Setting up a worker in pg-boss:
await boss.work<{ orderId: string }>(
"send-confirmation",
{ teamSize: 2, teamConcurrency: 2 },
async (job) => {
const { orderId } = job.data;
await sendConfirmationEmail(orderId);
}
);
What pg-boss does well:
- Transactional job enqueue — the main reason to choose it
- No additional infrastructure if you already have Postgres
- At-least-once delivery with configurable retry policy
- Job deduplication with
sendOnceand a key - Scheduled and recurring jobs with cron syntax
- Reasonable throughput for most web applications
What to watch out for:
Postgres is not Redis. Job pickup latency is in the tens of milliseconds, not sub-millisecond. For typical web application workloads — order processing, webhook handling, scheduled emails — pg-boss handles volume comfortably; for sustained high-throughput pipelines, BullMQ is the safer choice. The UI tooling is sparse compared to BullMQ. If your team needs dashboards and visibility, you will need to build something yourself or query the pgboss tables directly.
Also: pg-boss adds tables to your Postgres instance. The schema is well-isolated (its own schema), but it is another thing in your database. Migrations and schema management become part of your normal deployment process.
Dead Letter Queues, Retries, and Deduplication
These three features separate a reliable job queue from a fragile one.
Retries with backoff — both BullMQ and pg-boss support exponential backoff. The key thing to configure is the maximum number of attempts and the delay policy:
// BullMQ
{ attempts: 5, backoff: { type: "exponential", delay: 2000 } }
// Attempt delays: 2s, 4s, 8s, 16s, 32s
// pg-boss
boss.send("my-job", data, { retryLimit: 4, retryDelay: 2, retryBackoff: true });
// retryDelay is in seconds; retryBackoff enables exponential scaling
Do not set retries to unlimited. A job that fails 50 times is either broken or pointing at a broken dependency — you want it to stop and alert you.
Dead letter queues — in BullMQ, jobs that exhaust all retries move to the failed state. They stay there (if removeOnFail: false) and you can inspect them via Bull Board or query Redis directly. In pg-boss, failed jobs stay in the job table with a failed state and a output column containing the error.
In both cases: set up an alert on failed jobs. In production I use a worker.on('failed') listener that sends a Telegram message with the job ID and error. Five minutes of debugging a failed job is much better than discovering it three days later when a customer complains.
Deduplication — BullMQ uses jobId for deduplication within active/waiting jobs. pg-boss uses sendOnce with a user-defined key. The important distinction: BullMQ's jobId deduplication expires once the job completes. pg-boss's sendOnce key deduplicates within a configurable retention window. For most webhook-driven workflows, database-level idempotency on top of queue-level deduplication is the right approach regardless of which queue you use.

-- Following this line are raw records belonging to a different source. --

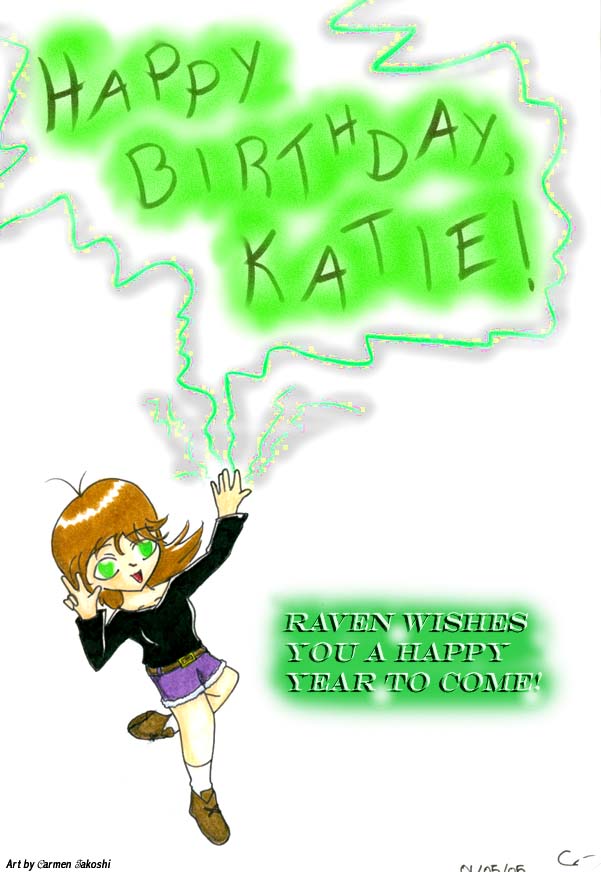 Happy Birthday, Katie! by Carmen_Takoshi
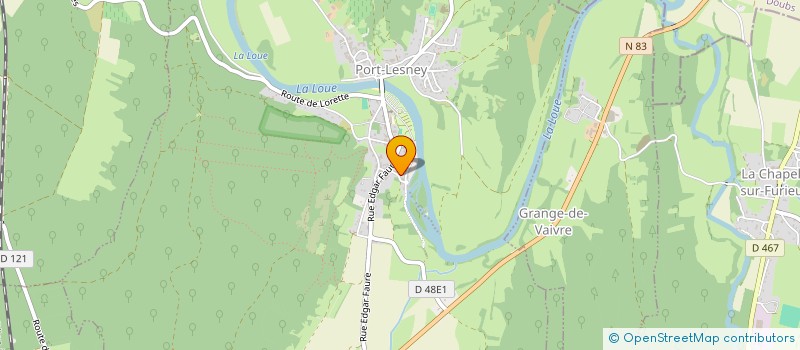 localisation de l'entreprise LE RELAIS DE LA RECULEE  LES PLANCHES-PRES-ARBOIS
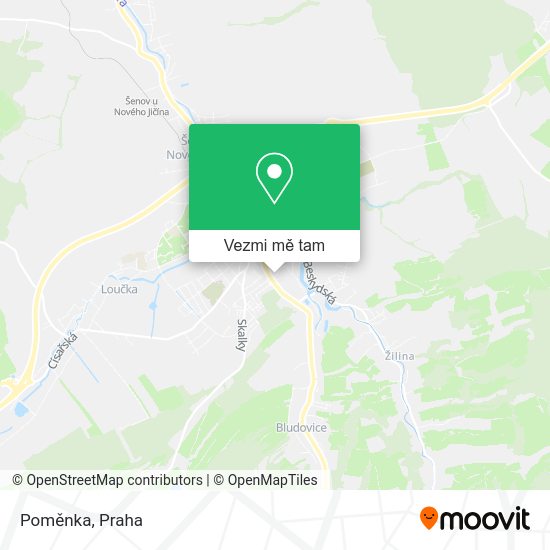 Poměnka mapa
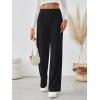 imageLILLUSORY Womens Casual Work Pants High Waisted Straight Leg Pant Business Dressy Trousers with PocketsBlack
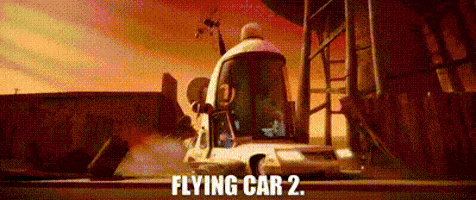 Cloudy With A Chance Of Meatballs Car GIF
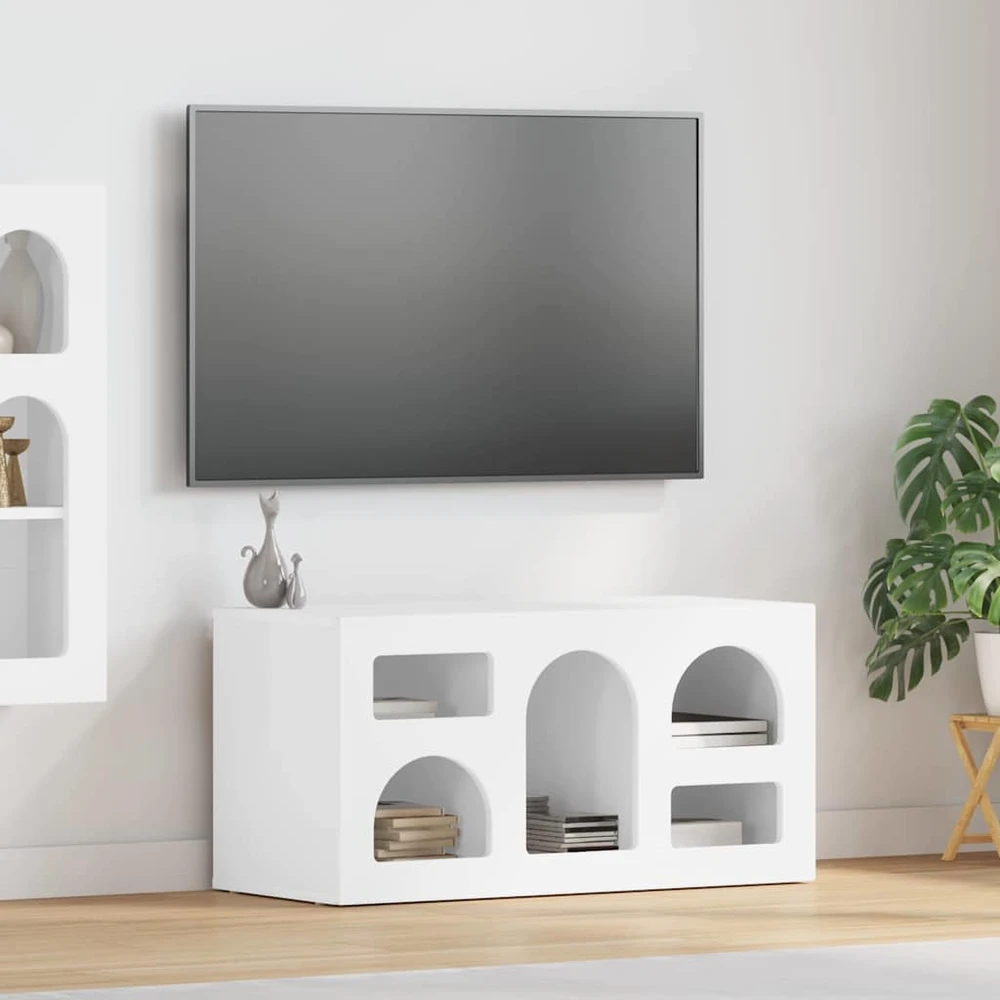 TV staliukas Televizoriaus spintelė ELST 80 x 35 x 40 cm Apdirbta mediena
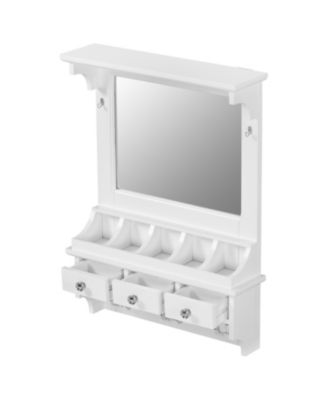 Floating Makeup Vanity with Mirror & Storage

Monitoring: What Actually Matters
Queue depth, failed job count, and job processing duration are the three numbers that tell you whether your background processing is healthy.
// BullMQ — get queue metrics
const counts = await orderQueue.getJobCounts("waiting", "active", "completed", "failed", "delayed");
// { waiting: 0, active: 2, completed: 1847, failed: 3, delayed: 0 }
For pg-boss:
-- Check queue state directly in Postgres
SELECT name, state, count(*)
FROM pgboss.job
WHERE createdon > NOW() - INTERVAL '24 hours'
GROUP BY name, state
ORDER BY name, state;
The metric that surprises people most is job age — how long a job sits in the waiting state before a worker picks it up. If this grows, you either have too few workers or your workers are blocked on slow downstream calls. Increase concurrency in your worker config or add more worker instances.

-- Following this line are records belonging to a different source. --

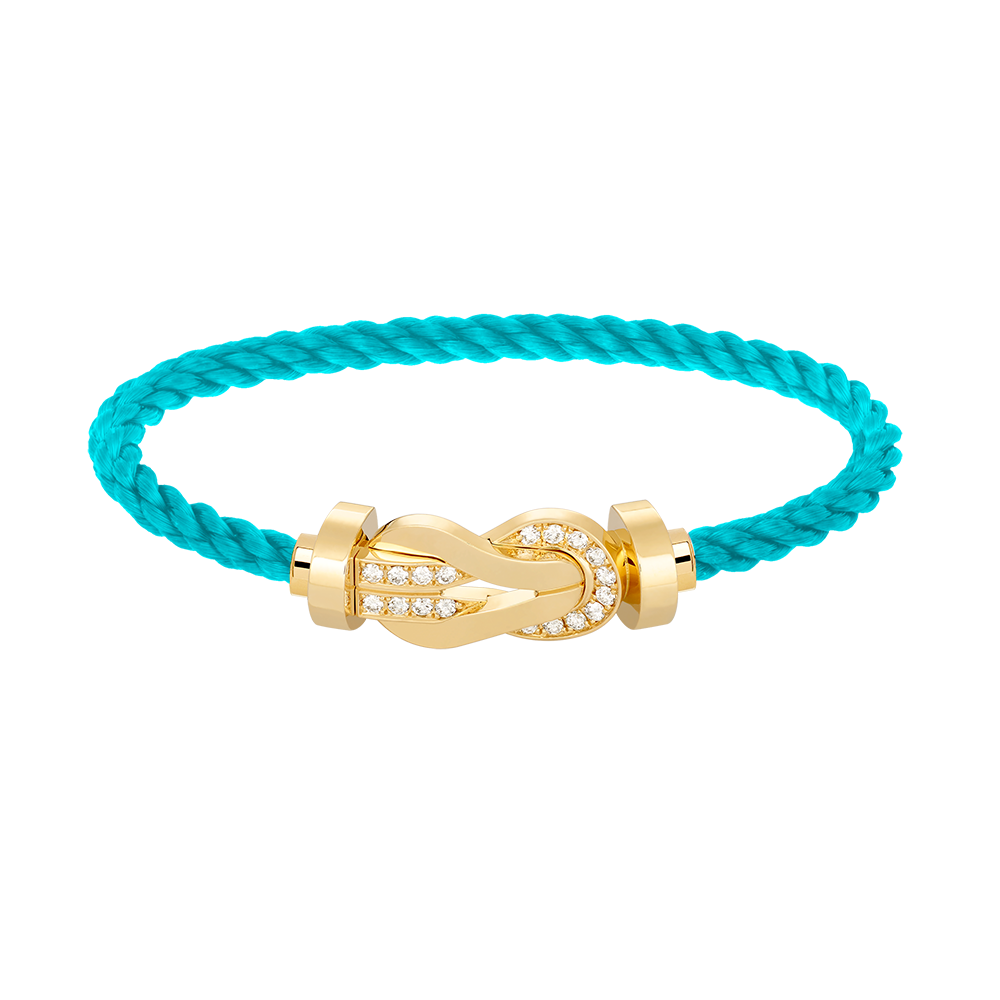 [Windsor Jewelry]CHANCE LARGE 8 FIGURE BUCKLE HALF DIAMOND BRACELET GOLD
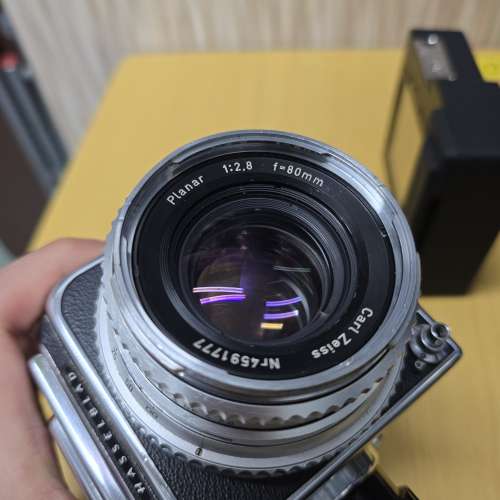Hasselblad 500c + c80 2.8 + a16 back+ nons instax back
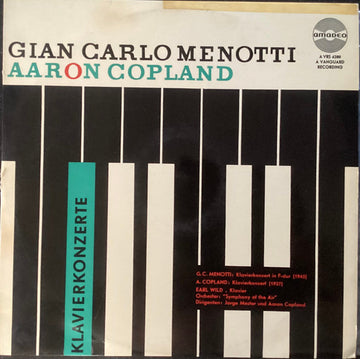 Aaron Copland, Gian Carlo Menotti : Klavierkonzerte (LP, Mono)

I track these metrics with a simple Prometheus exporter that scrapes BullMQ counts every 30 seconds and pushes them to Grafana. The setup is a hundred lines of code and has caught two incidents before they became customer-visible problems.
Serverless Alternatives
If you are on Vercel or another serverless platform, long-running worker processes are not an option. Two tools worth knowing:
Vercel Cron — HTTP endpoints called on a schedule. Simple, integrated, works with the App Router. Fine for Level 1 scheduled tasks. Not suitable for event-driven work or complex retry logic.
Inngest — event-driven background functions with retries, delays, and step functions. Designed for serverless. The DX is excellent; the trade-off is a third-party dependency and pricing that scales with invocations.

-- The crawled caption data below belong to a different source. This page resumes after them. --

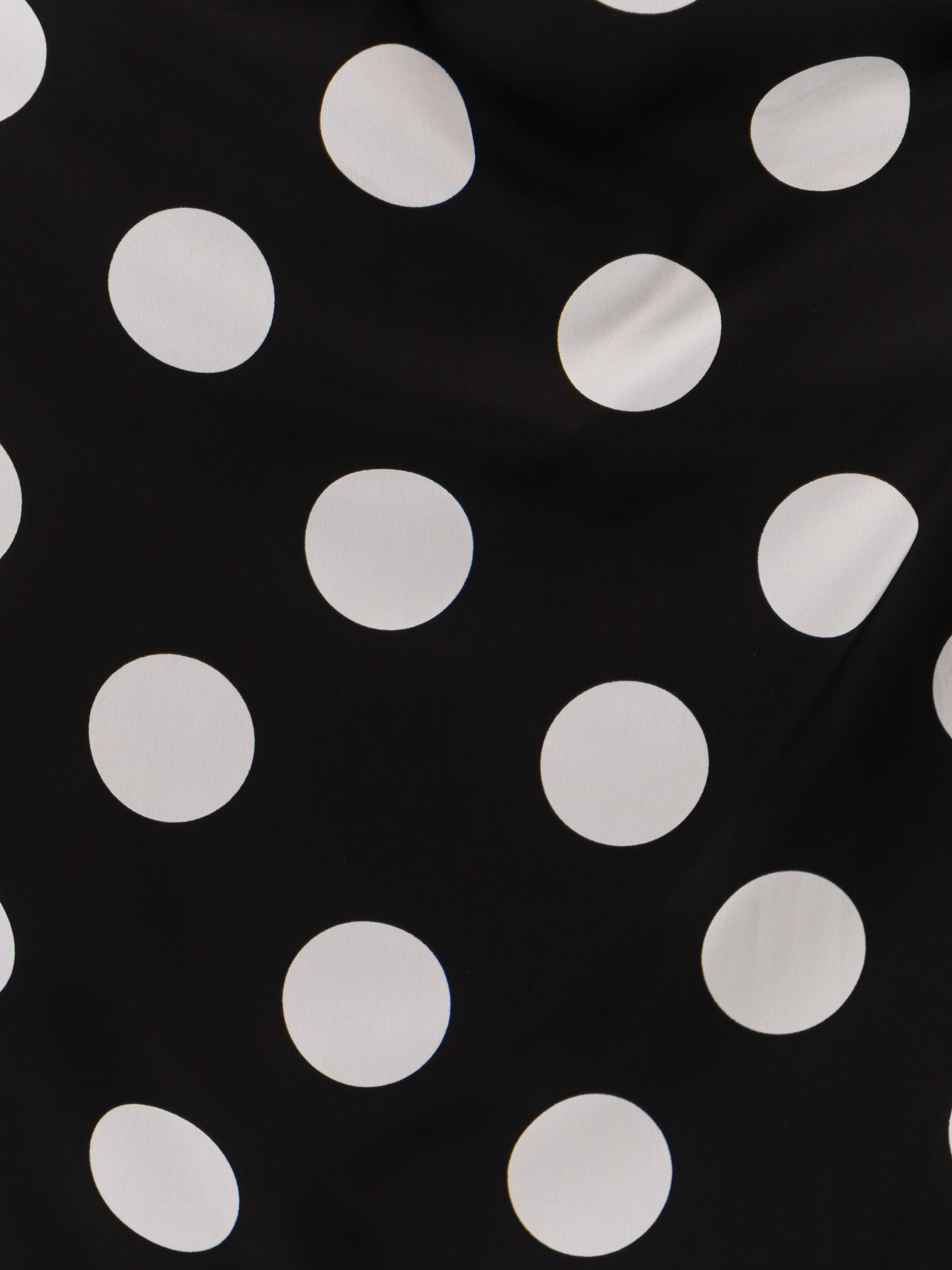 Dolce & Gabbana Satin Midi Dress With Polka-dot Print: In Black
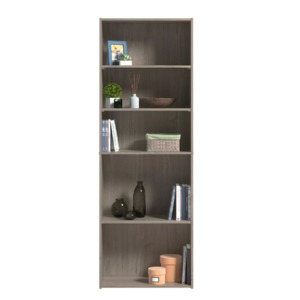 71" Sauder Beginnings 5-Shelf Standard Style Bookcase (Silver Sycamore) $51.84 + Free Shipping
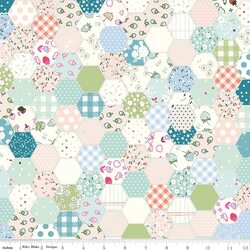 Hexies in Blue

I do not use either in my current production stack because I run Node.js on VPS infrastructure with Docker, where long-running workers are straightforward. But if your deployment target is serverless and you need more than basic cron, Inngest is the most production-ready option I have evaluated.
The Decision Matrix
| Situation | Recommendation |
|---|---|
| Single instance, scheduled tasks, low stakes |
node-cron or OS cron |
| Multi-instance, scheduled tasks | BullMQ repeatable jobs (replaces cron) |
| Event-driven work, already using Postgres, want ACID enqueue | pg-boss |
| Event-driven work, already using Redis, need rich UI | BullMQ |
| High throughput (thousands of jobs/minute) | BullMQ |
| Serverless deployment | Inngest or Vercel Cron |
| Complex job graphs (fan-out, dependencies) | BullMQ FlowProducer |
The pg-boss vs BullMQ decision usually comes down to whether you already have Redis in your stack. If you do — BullMQ is the obvious choice. If you do not, and your throughput is under a few hundred jobs per minute, pg-boss lets you skip a Redis dependency entirely without meaningful trade-offs for typical web application workloads.
On vatnode, I chose BullMQ because Redis was already there for rate limiting and caching. Adding BullMQ cost zero new infrastructure. On a greenfield project without Redis, I would evaluate pg-boss seriously.
What This Looks Like in Production
On vatnode, BullMQ workers handle subscription lifecycle jobs triggered by Stripe webhooks — plan activations, usage resets, cancellation workflows. Worker concurrency is set to 5, which is enough to handle burst traffic during billing cycles without saturating the Postgres connection pool. Failed jobs go to the failed state and trigger a Telegram alert; I have had fewer than 10 permanent failures in the past six months, all due to temporary Stripe API unavailability.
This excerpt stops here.